The GRID3 open source project for cleaning names and defining types for health facilities.
GRID3’s mission is to build spatial data solutions that make development goals achievable. GRID3 combines the expertise of partners in government, the United Nations, academia and the private sector to design adaptable and relevant spatial data solutions based on the capacity and development needs of each country. Find out more here.
The goal of the project is to clean, standardize, and validate spatial health facility data. Specifically the name of the facility, the type of the facility, and the location of the facility across different countries. Language, spelling, and types of facilities vary from country to country and should be take into consideration. Choosing the correct location when multiple geographic points for the same facility may exist but have varying degrees of accuracy.
- Cleaning names and types - It is often the case that a single field will contain both the name and the type of a facility. The goal is to create two new fields, one with the name of the facility (clean_name) and one with the type of the facility (clean_type). The clean_name facility will contain just the name of the facility with the correct punctuation, and formatting. Clean_types will contain the type of the facility with puncutaion
- Punctuation: Special characters, extra spaces, dashes, and roman numerals are removed or converted to single spaces, numbers, or letters.
- Formatting: Names should be in title case with abbreviations in upper case.

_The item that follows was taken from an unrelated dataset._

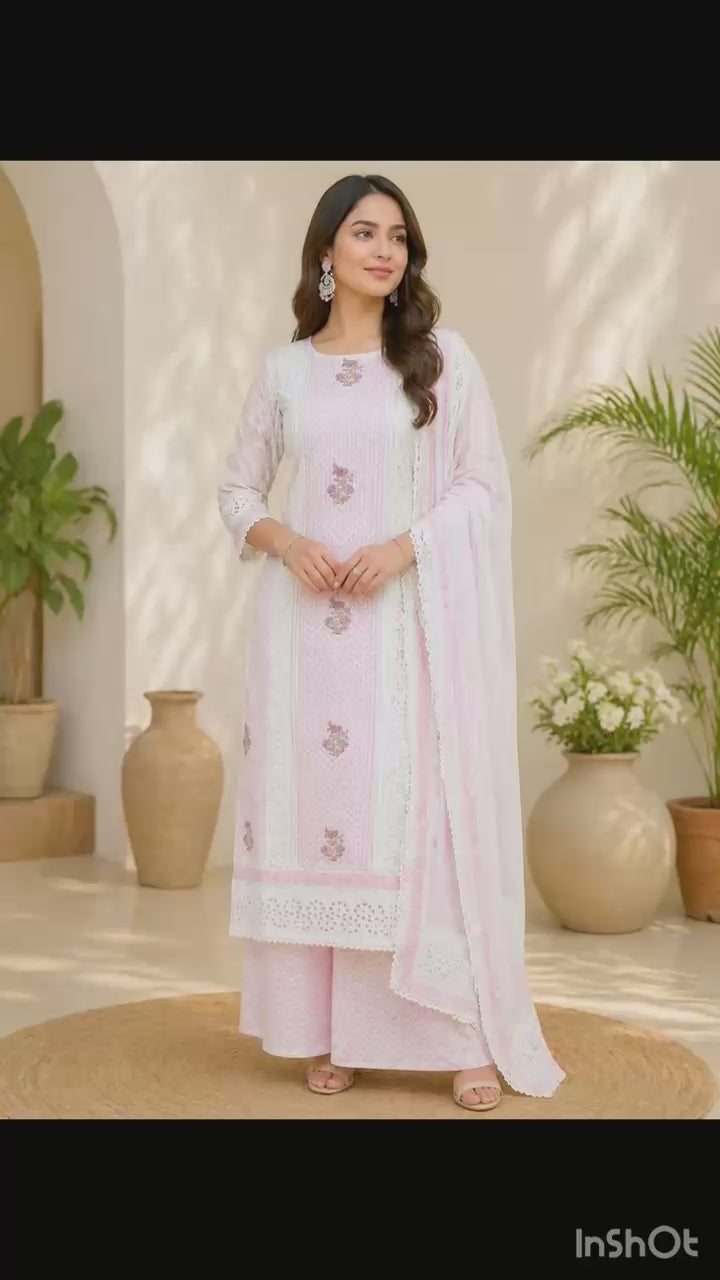 This is a very elegant Kota Doria suit look—soft, minimal, and perfect for summer or daytime occasions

- Spelling: We cannot confirm the spelling of a facility but all facility types should be consistent with no spelling errors. It is important to note that each country may have different spellings for the same facility type.
-
Defining the type of facility - Each country has its own set of standards for defining the type of facility. Along with that, each data provider may also have a generic set of types that they use. The goal for the clean_types field is to represent a consistent type based on the standards used by each country.
-
Validating spatial accuracy - This is a spatial problem where the other two are based on cleaning the attributes for each health facility.